Goings On: Fassbinder, Gordon, and More

New York. Anthology Film Archives’ series Documentarists for a Day runs for two more nights, and Screen Slate is spotlighting the two films screening tomorrow. Theater in Trance (1981) is the only documentary Rainer Werner Fassbinder made. Angeline Gragásin: “Comprised almost entirely of footage of performances at the 1981 Theater Der Welt (‘Theaters of the World’) Festival in Cologne, Germany, the film’s fourteen parts play like a bizarre highlight reel of early-80s avant-garde theater, encompassing everything from the intensely focused and compelling dance works of Pina Bausch, to literal ass-licking, piss-drinking shock-theater.”

God's Country (1985) is Louis Malle’s portrait of Glencoe, Minnesota, much of which is “dedicated to a number of surprisingly intimate conversations, which is, in the end, what makes this such a devastatingly watchable documentary,” writes Madelyn Sutton.

Also at Screen Slate, Stephanie Monohan notes that Joaquín Luis Romero Marchent’s Cut-Throats Nine (1972), a “tense and nihilistic Eurowesten” screening as part of the series Blood in the Dust at Spectacle, “has garnered some new fans these past few years because of its conspicuous influence on The Hateful Eight, there is much more to be found here than fodder for Tarantino ‘homage’ Easter eggs.”

Tomorrow evening, Light Industry and Inpatient Press present The Smoker: A Brief History of the Stag Film.

And on Sunday, Light Industry co-founder Thomas Beard will introduce a screening of Stan Brakhage’s The Art of Vision (1961–1965) at the Museum of the Moving Image.

Los Angeles. Sky Hopinka will be at REDCAT tonight to present Anti-Objects, a program of recent work.

The Getty Center, UCLA Film & Television Archive, and the UCLA Center for European and Russian Studies are launching “a quarterly, interdisciplinary festival of film and music” focusing on Europe, and specifically on four themes. The first, Animals, is on from Friday through Sunday.

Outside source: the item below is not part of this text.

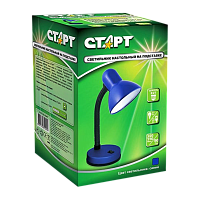 Светильник настольный Старт СТ02 40W 220V E27 на основании черный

Kathleen Craughwell runs through more of the highlights of coming week for the Los Angeles Times.

San Francisco. On Thursday, Canyon Cinema presents Walking Films: A Salon with Baba Hillman.

On Friday and Saturday, the San Francisco Cinematheque will present After Hours: Films of Karen Yasinsky, a program in two parts.

Seattle. “No film in the history of cinema better captures the curse of the intellectual than Memories of Underdevelopment,” argues Charles Mudede in the Stranger. Tomás Gutiérrez Alea’s 1968 film screens at the Grand Illusion on Thursday and Friday and on February 27 and March 1.

The Seattle Asian American Film Festival opens Thursday and runs through Thursday.

Austin. From Friday through Monday, the Film Society will present No Cover: Films By Bette Gordon.

London. On Wednesday, Close-Up will present Films from the Archive: Forgotten Women of the 1930s, an event that “reconstructs a London Film Institute Society screening that took place on the 23rd February 1936 at the Forum Cinema, curated by Olwen Vaughan—an important but undervalued figure in early film culture.”

Vienna.After the Great War: Films by Fritz Freisler and James Whale is a two part program at the Austrian Film Museum with Der Mandarin (1918) screening on Friday and The Road Back (1937) on Monday.

Madrid. With Purple, on view at the Museo Nacional Thyssen-Bornemisza from tomorrow through March 25, John Akomfrah “explores climate change, rising sea levels, and extreme weather events in his most ambitious project to date. Thought-provoking and powerful, the immersive six-channel video intersperses archival footage with newly shot film, animated by a hypnotic score.”